November 18 - Los Angeles Times (Michael R. Blood): "Hundreds of protesters
chanted, marched and took over a building Thursday on the UCLA campus, where
University of California regents were scheduled to vote on a 32% student fee
increase."
Central Banker Watch:
November 19 - MarketNews International (Heather Scott): "If past recessions
are a guide, it is possible the Federal Reserve will continue its low interest
rate policy for another two years, St. Louis Federal Reserve Bank President
James Bullard said... 'Policy rates are near zero in the U.S. and the rest
of G-7 countries, something not seen in postwar economic history,' Bullard
said. 'The FOMC did not begin policy rate increases until 2-1/2-3 years after
the end of each of the past two recessions.' Assuming the current recession
ended this past summer, this could mean the FOMC would not start increasing
rates until early 2012, if it behaves in a similar way as in past recessions,
Bullard said..."
Fiscal Watch:
November 19 - Bloomberg (Kathleen M. Howley): "Foreclosures on prime mortgages
and home loans insured by the Federal Housing Administration rose to three-decade
highs in the third quarter... One out of every six FHA mortgages was late by
at least one payment and 3.32% were in foreclosure, the highest for both since
at least 1979, the Mortgage Bankers Association said... The delinquency rate
for prime fixed-rate mortgages, considered home loans with the least risk,
rose to 5.8% and the foreclosure inventory rose to 1.95%, the highest since
at least 1972."
November 18 - Bloomberg (John Gittelsohn): "The Federal Housing Administration,
the agency that insures home purchases made with down payments as small as
3.5%, may create another lending crisis, Toll Brothers Inc. CEO Robert Toll
said. 'Yesterday's subprime is today's FHA,' Toll said... 'It's a definite
train wreck and the flag will go up in the next couple of months: Bail us out.
Give us more money.'"
Muni Watch:
November 16 - Bloomberg (Michael Weiss): "New Jersey Governor-elect Chris
Christie and his economic transition team said the budget gap for the year
beginning July 1 may exceed the $8 billion state budget officials previously
forecast."
California Watch:
November 20 - Los Angeles Times (Alana Semuels): "The California jobless rate
hit 12.5%, a post-World War II high, up from a revised 12.3% in September..."
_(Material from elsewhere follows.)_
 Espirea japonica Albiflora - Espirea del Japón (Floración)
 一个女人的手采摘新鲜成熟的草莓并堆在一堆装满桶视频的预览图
November 18 - Los Angeles Times (Shane Goldmacher): "Less than four months
after California leaders stitched together a patchwork budget, a projected
deficit of nearly $21 billion already looms over Sacramento, according to a
report... by the chief budget analyst. The new figure... threatens to send
Sacramento back into budgetary gridlock and force more across-the-board cuts
in state programs."
November 19 - Bloomberg (Jeremy R. Cooke): "California, the most indebted
U.S. state, is back in the bond market with its sixth billion-dollar sale this
quarter after its latest wave of borrowing contributed to rising costs for
lower-rated municipal issuers."
Speculation Watch:
November 18 - Bloomberg (Tomoko Yamazaki and Warren Giles): "Hedge-fund assets
increased by $7.8 billion in October, a sixth straight monthly gain... Eurekahedge
Pte said... The funds have total assets under management of $1.45 trillion."
November 20 - Bloomberg (Jason Kelly): "KKR & Co., the private-equity
firm run by Henry Kravis and George Roberts, said it had a third- quarter profit
of $656.6 million in its first report after becoming a publicly listed company
as buyouts rebounded."
November 19 - Bloomberg (Josh Fineman and Thomas R. Keene): "Meredith Whitney...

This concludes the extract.